FIG. 148.—Same subject as Fig. [147], seen in profile;
a striking blend of Melanesian and Indonesian traits.
(Phot. Lapicque.)

Sundry particulars have already been given in regard to the ornaments of the Australians (p. [178], and Figs. [59], [149], and [150]), in regard to their marriage customs (p. [232]), their system of affiliation (p. [234]), the “corroborees,” and their ceremonies of initiation (p. [241]), at which time are practised the circumcision and urethral sub-incision (mika operation, p. [239]) of the young people. On p. [210], et seq., I have already given some details in regard to the music, poetry, and arts of these people.

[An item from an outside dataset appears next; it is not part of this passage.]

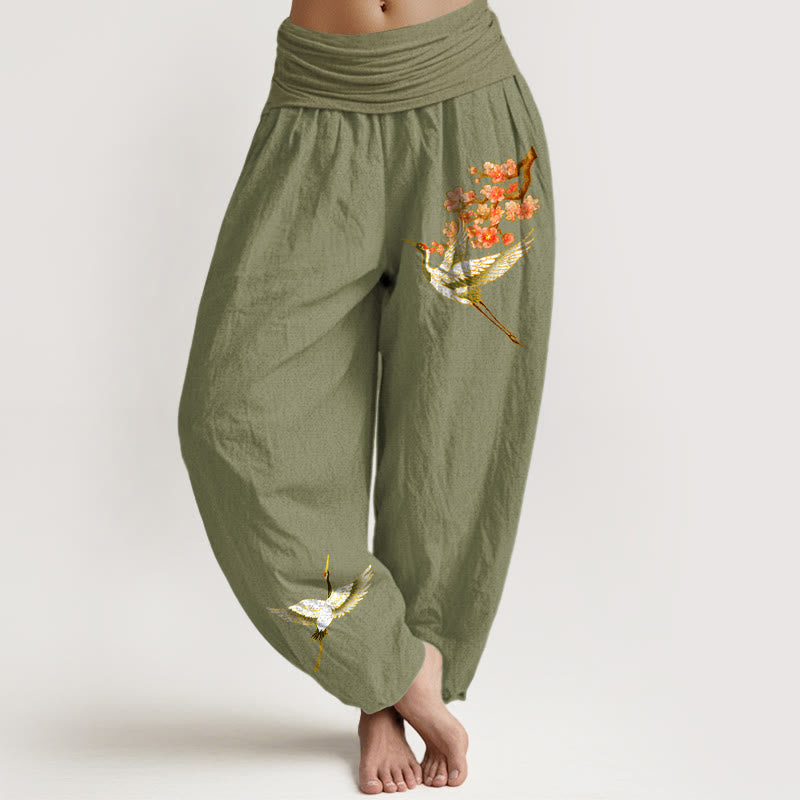 Pantalon sarouel en pur coton à taille élastique pour femme, motif grue et fleur de pêcher, motif Buddha Stones - OliveDrab - US22，UK/AU26，EU54 (6XL) - image 14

In most ethnographical works, the extinct Tasmanian[551] people are described side by side with the Australian. The only reason of this lies in the proximity of their habitat, for really the Tasmanians recall rather the Melanesians, both in somatic traits and in mode of life. The language of the Tasmanians, which is agglutinative with prefixes and suffixes, presents no analogy either with Australian or Melanesian tongues. The Tasmanians appear to have been of stature below the average (1 m. 66); head, sub-dolichocephalic (ceph. ind., 76 to 77); broad and prognathous face; flattened and very broad nose; frizzy hair (which last constituted their chief difference from the Australians).[552]

II. ASIATIC ARCHIPELAGO OR MALAYSIA.—The population of this part of Oceania may be separated into four great ethnic groups: Malays, Indonesians, Negritoes, and Papuans. The first two form the basis of most of the ethnic groups of the Archipelago, while the Negrito element is represented only in the Malay peninsula (which from the ethnic point of view may be associated with the Archipelago), in the Andaman Islands (see p. [397]), in the Philippines, and perhaps in Riu-Linga; and the Papuan element in the Aru and Ke Islands, and in a lesser degree in the South-West Islands, Ceram, Buru, Timur, Floris, and the neighbouring islets. It has long been supposed that the interior of the Malay Islands is occupied by negroid races akin to the Negritoes or Papuans; but no explorer of Sumatra, Borneo, Java,[553] or Celebes has yet encountered Negritoes there, although the centres of these islands have repeatedly been traversed; hence there is little hope of discovering negroid races in them. Besides, the assumed Negritoes of the Mergui Archipelago, of Nicobar and of Engano, described by Anderson, Lapicque, Man, Sherborn and Modigliani, have been shown to be simply Indonesians. The existence of true Negritoes has been affirmed only in the extreme north of the Archipelago, in the spots named above, the Andaman Islands, etc. If there be any trace whatever of intermixture with these races, it should not be necessary to search beyond the north parts of Sumatra and Borneo—in other words, beyond the equator going south.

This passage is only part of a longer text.